» Exercise: Pictures excluded, output the lines of the data below between the one holding "Laarzen Laarzen Damesschoenen" and the one holding "The Chennai Silks", inclusive, exactly as they stand.

*** Block opens ***

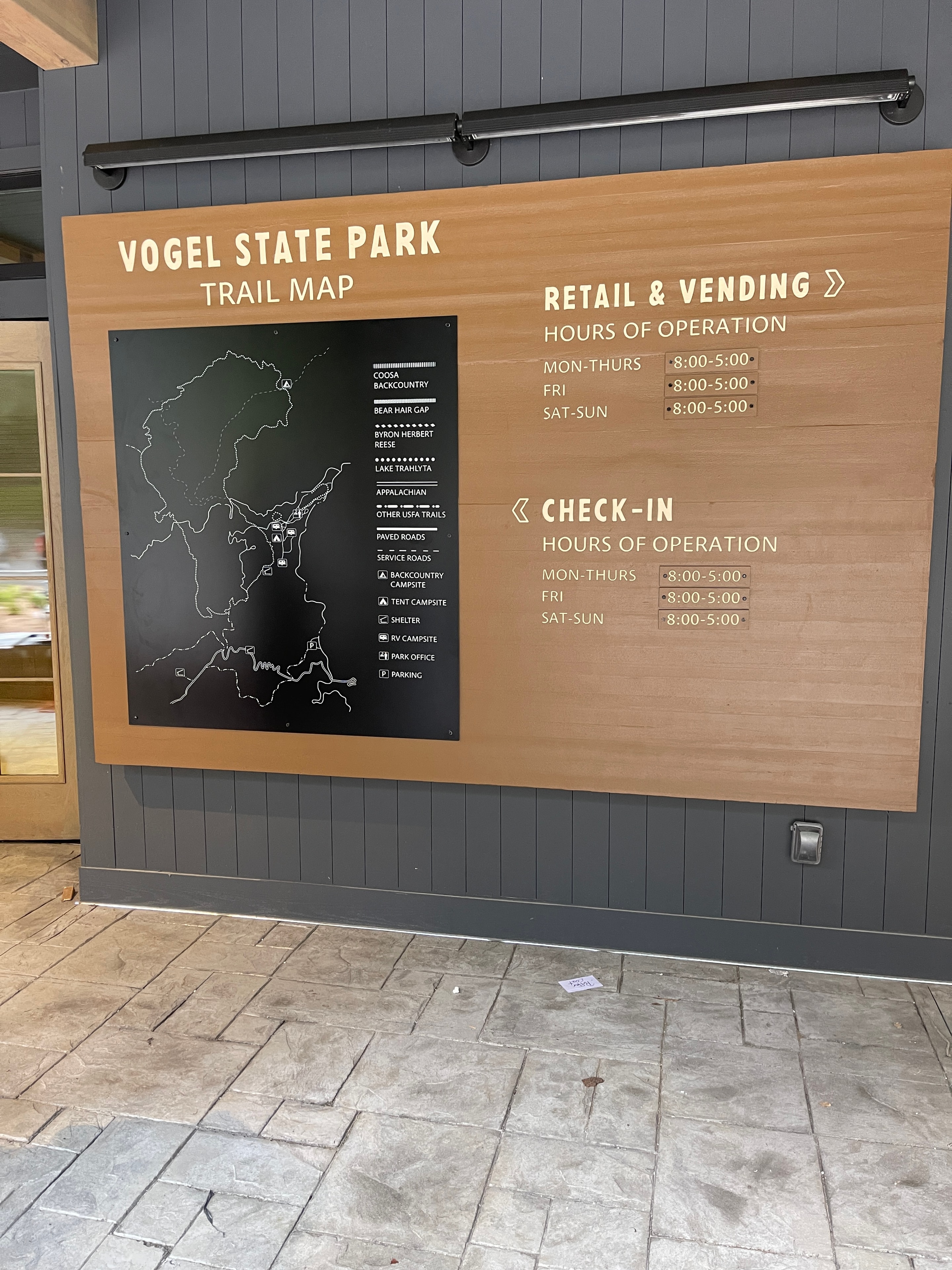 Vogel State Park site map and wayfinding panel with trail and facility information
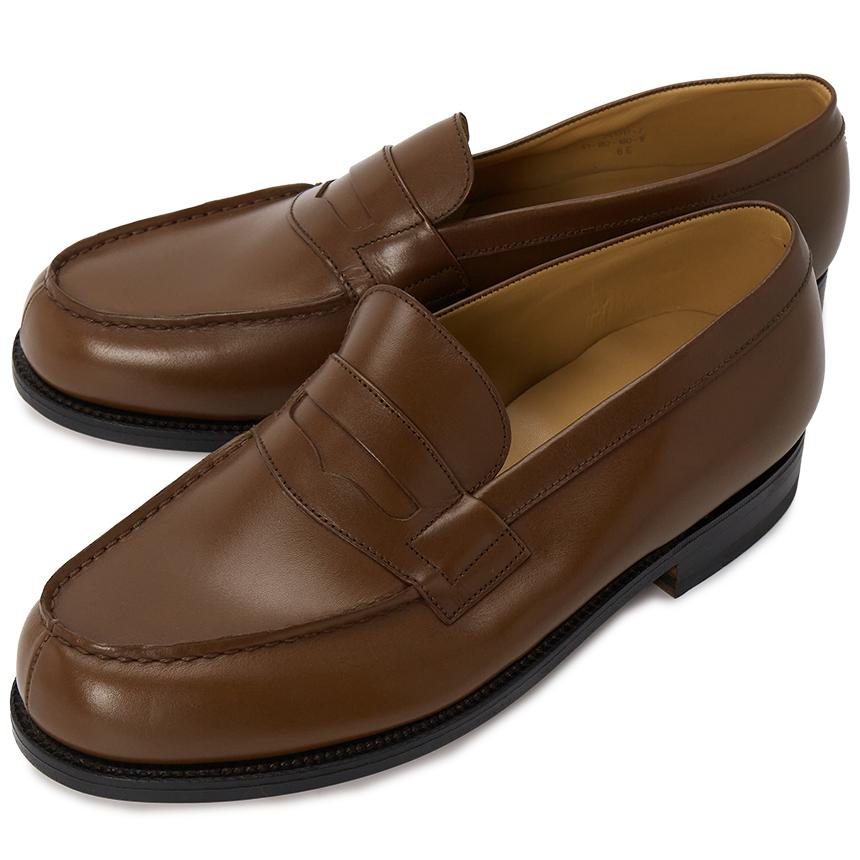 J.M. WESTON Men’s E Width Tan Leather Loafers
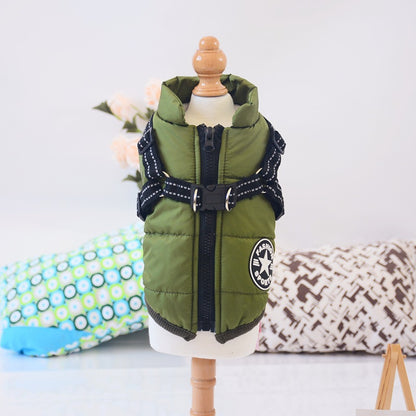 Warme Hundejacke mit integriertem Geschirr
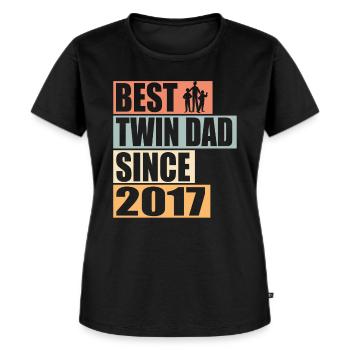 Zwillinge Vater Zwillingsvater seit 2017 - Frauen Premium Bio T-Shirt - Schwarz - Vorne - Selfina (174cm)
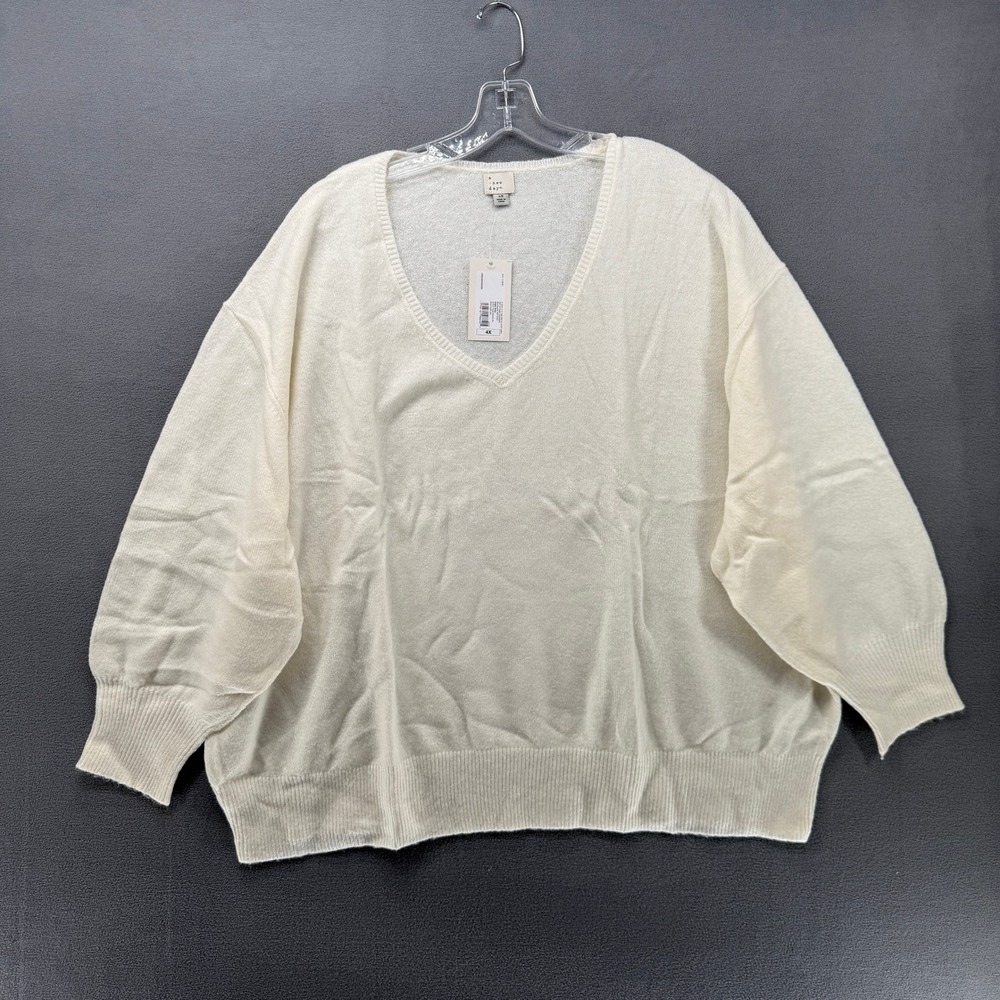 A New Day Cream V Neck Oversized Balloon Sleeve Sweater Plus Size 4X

*** Block closes ***
*** Block opens ***

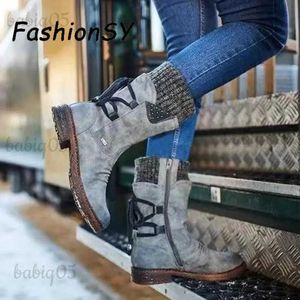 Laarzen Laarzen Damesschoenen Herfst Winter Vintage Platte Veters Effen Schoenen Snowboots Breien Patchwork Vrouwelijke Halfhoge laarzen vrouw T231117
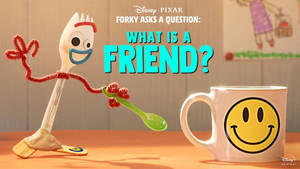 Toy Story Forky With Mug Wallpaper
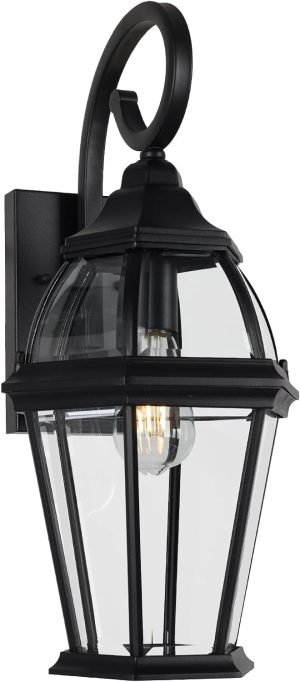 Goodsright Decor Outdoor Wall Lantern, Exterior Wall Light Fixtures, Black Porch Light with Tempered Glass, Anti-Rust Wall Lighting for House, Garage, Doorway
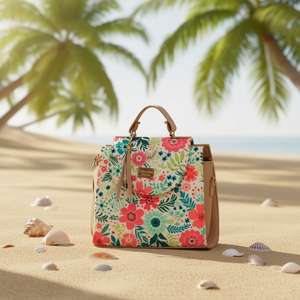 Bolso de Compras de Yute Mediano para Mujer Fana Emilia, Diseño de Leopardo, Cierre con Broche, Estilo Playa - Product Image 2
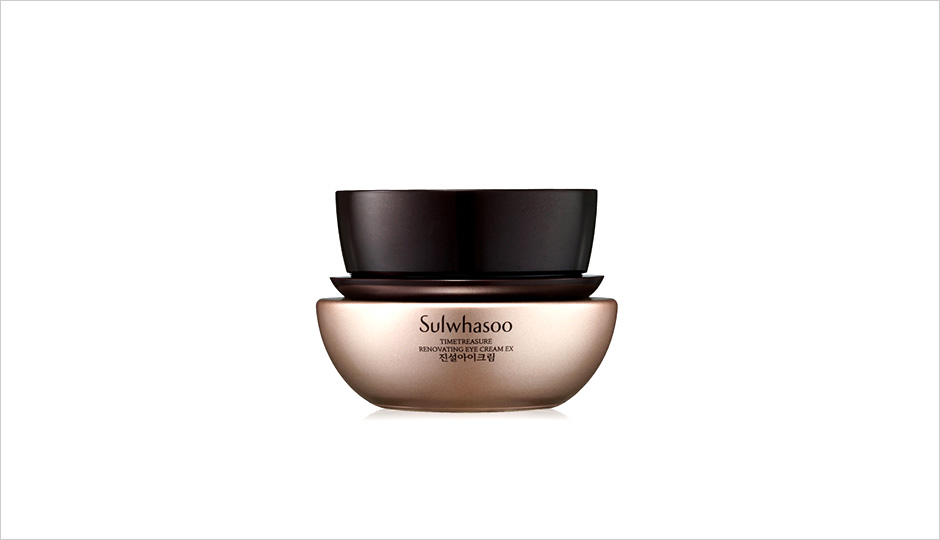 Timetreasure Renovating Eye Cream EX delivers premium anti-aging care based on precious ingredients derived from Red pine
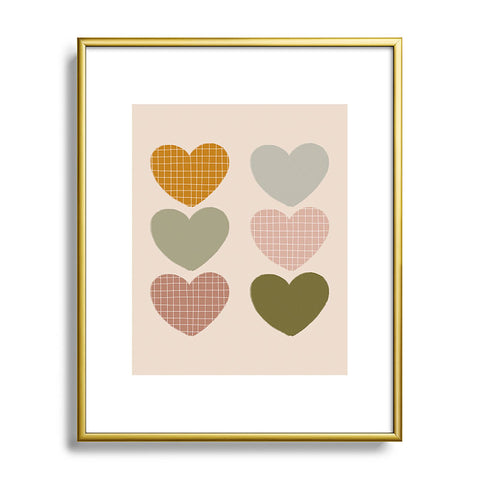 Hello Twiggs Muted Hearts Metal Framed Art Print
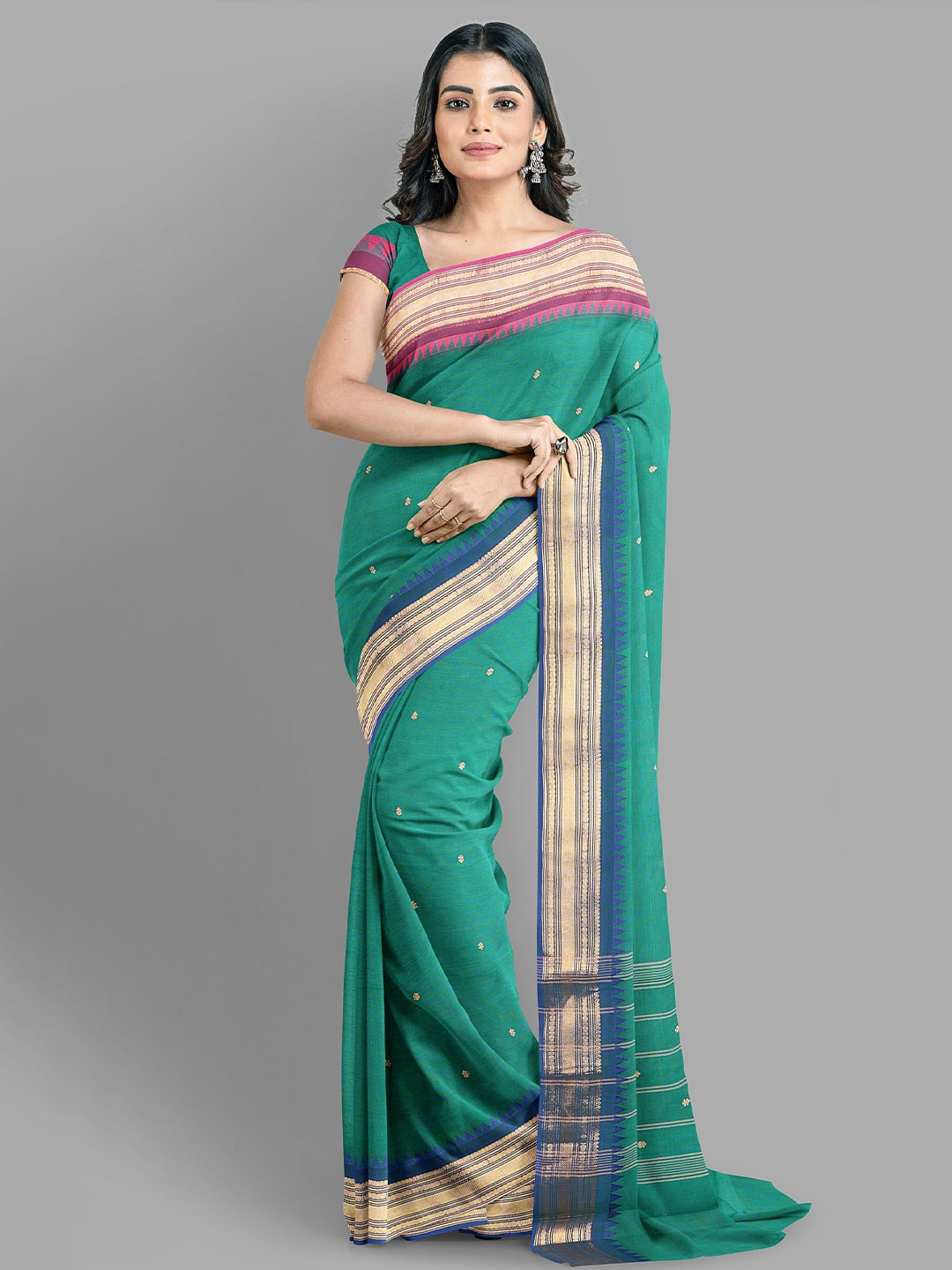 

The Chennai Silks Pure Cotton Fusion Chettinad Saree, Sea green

*** Block closes ***

» Solved exercise:
 Laarzen Laarzen Damesschoenen Herfst Winter Vintage Platte Veters Effen Schoenen Snowboots Breien Patchwork Vrouwelijke Halfhoge laarzen vrouw T231117
 Toy Story Forky With Mug Wallpaper
 Goodsright Decor Outdoor Wall Lantern, Exterior Wall Light Fixtures, Black Porch Light with Tempered Glass, Anti-Rust Wall Lighting for House, Garage, Doorway
 Bolso de Compras de Yute Mediano para Mujer Fana Emilia, Diseño de Leopardo, Cierre con Broche, Estilo Playa - Product Image 2
 Timetreasure Renovating Eye Cream EX delivers premium anti-aging care based on precious ingredients derived from Red pine
 Hello Twiggs Muted Hearts Metal Framed Art Print

The Chennai Silks Pure Cotton Fusion Chettinad Saree, Sea green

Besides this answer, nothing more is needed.